Journaling at a desk

Pain Is Your Product Sense Talking

September 30, 20253 min read

Years ago, I heard a podcast quote that made me laugh: "Pain is just pain entering the body." It was from Welcome to Night Vale, which specializes in saying absurd things with complete seriousness.

But it got me thinking about how we typically handle pain in our work lives. The military has a saying: "Pain is weakness leaving the body." Push through it. Suffer in silence. Weakness is temporary.

That's backwards for product professionals. Pain isn't weakness entering or leaving - it's information arriving.

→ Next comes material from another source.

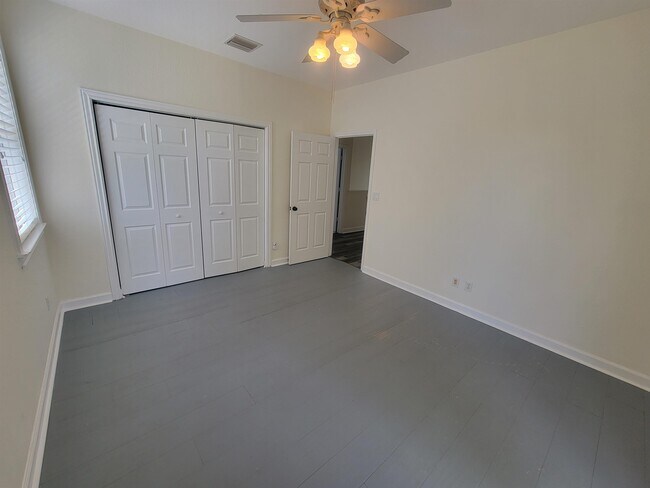 Building Photo - 3773 Overlook Dr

When Pain Became My Product Manager

Three years ago, I bought a System76 Linux laptop for planned consultancy work with high-security clients like those in finance, healthcare, and the government. It made perfect sense for that use case.

Then life happened. I joined CoinDesk instead, and eventually started creating e-learning courses and live streaming. Now I needed to edit video, generate subtitles, and handle content creation workflows that my security-focused laptop couldn't handle well.

For a year and a half, I lived with an increasingly painful setup. Recording on my camera, transferring files to my gaming desktop for editing, then moving everything back to my laptop for publishing. Three devices, constant file transfers, setup and teardown time that added up to serious productivity loss.

But those 18 months of frustration gave me incredibly precise data about what actually needed fixing.

When I finally decided to upgrade last week, I knew exactly what to buy. A Mac Studio for the home office where I actually record. A capture card so the camera plugs directly in. Tools that would eliminate the transfer bottlenecks and editing delays.

I kept the System76 laptop; it's fine for travel when I'm not recording. But now I have the right tools for content creation and livestreaming because the pain taught me exactly what success would look like.

Your Pain Is Product Sense in Disguise

This is the same principle we use in product management. We don't build features because they seem cool. We solve problems that users are actively experiencing. The stronger the pain signal, the clearer the solution requirements become.

But somehow we forget this when it comes to our own professional lives.

We try to optimize processes that aren't actually broken yet. We adopt new tools because they look shiny, not because our current tools are causing real friction. We chase career moves that sound impressive rather than solving problems we're genuinely struggling with.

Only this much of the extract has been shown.